I feel like I can’t as a lower volume rider mentally stop riding endurance rides too hard. Like constantly in tempo for hours rides. They say ignore the ctl and do your 80/20 but mentally that is tough when reality is a low volume rider like me has several off days per week where it should be enough recovery.
Even when I go inside for workouts and try erg z2 I inch up the damn resistance till my HR is the last bpm in z2 by hr.
I just need convincing that 2 hrs of true z2 is more beneficial than 2 at the limit of z2 tempo and sacrificing better intensity work later.
I suck at this.
A lot depends on how you’re defining ‘beneficial’. As for all the comments that you can recover from what you’re doing, given your low volume, so what? Do you get more stimulus from riding higher in the zone, or low in the next higher zone? Yeah, a little. Training isn’t (or shouldn’t be) about the stimulus, it’s about the adaptation, always the adaptation.
Hypothetically, let’s say your power at LT1 is 200W. The difference in adaptation from riding at 180W vs 195W is minimal, but the fatigue at 195W is much greater, and greater still if you decide that 205-210 makes more sense. And, yes, you can do your harder sessions harder, and thus get better adaptations, if you back off a little on your easy sessions.
Yeah, but what is being said is that the extra fatigue from the higher effort matters less with lower volume because there’s more time for recovery and fewer future sessions that will be impacted. You need to increase the stress on the body somehow to make continued adaptation, otherwise you plateau at whatever current stress you’re at.

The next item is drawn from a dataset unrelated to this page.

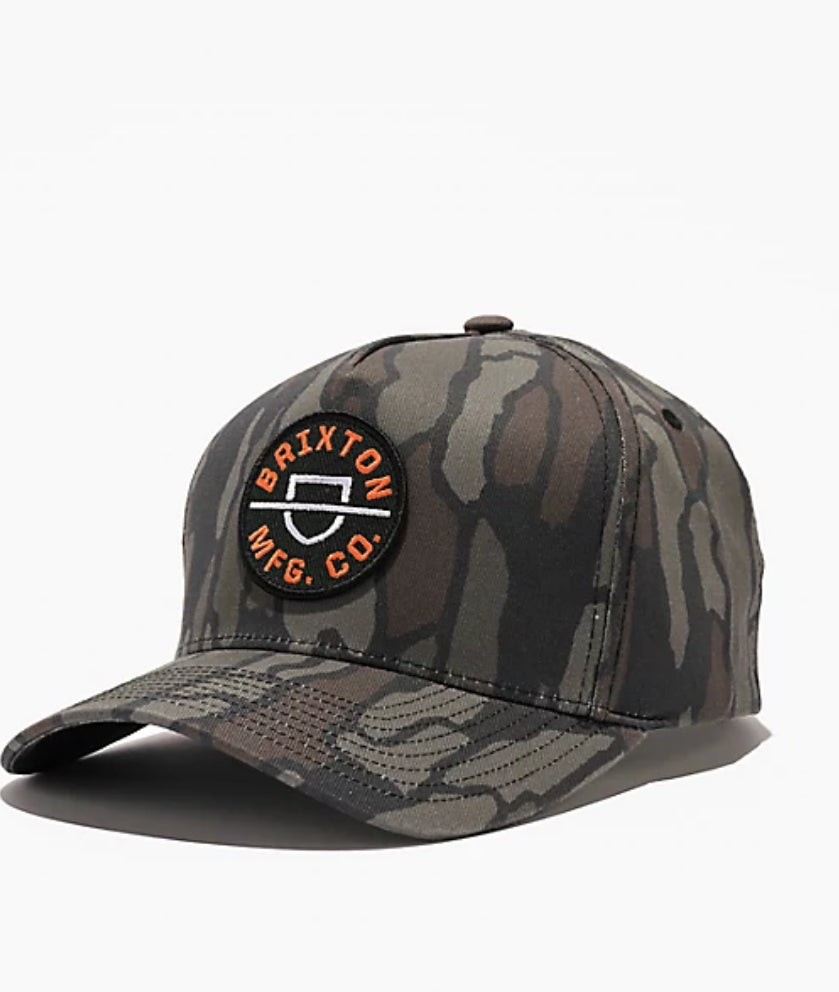 Crest Snapback - Bark Camo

I’m not saying OP should do 4h weekend rides as an all out TT. Tbh the sort of obvious solution here is to integrate some kind of efforts into the weekend long ride. 3h with 5x10min hills at a hard pace is likely to be a more beneficial without than 3h comfortably hard tempo (the pace it sounds like OP is doing). But this is dependent on the rest of the training environment.
My suggestion would be to increase the stress on the stressful days, whether by increasing the intensity or increasing the duration at intensity. There is minimal adaptive difference between 90% vs 95% of LT1, regardless of whether you can recover from it. Why bother recovering from it, if there’s no real reason to do it? As for riding at 105% of LT1, there’s yet another minimal uptick in adaptation accompanied by a much larger uptick in fatigue.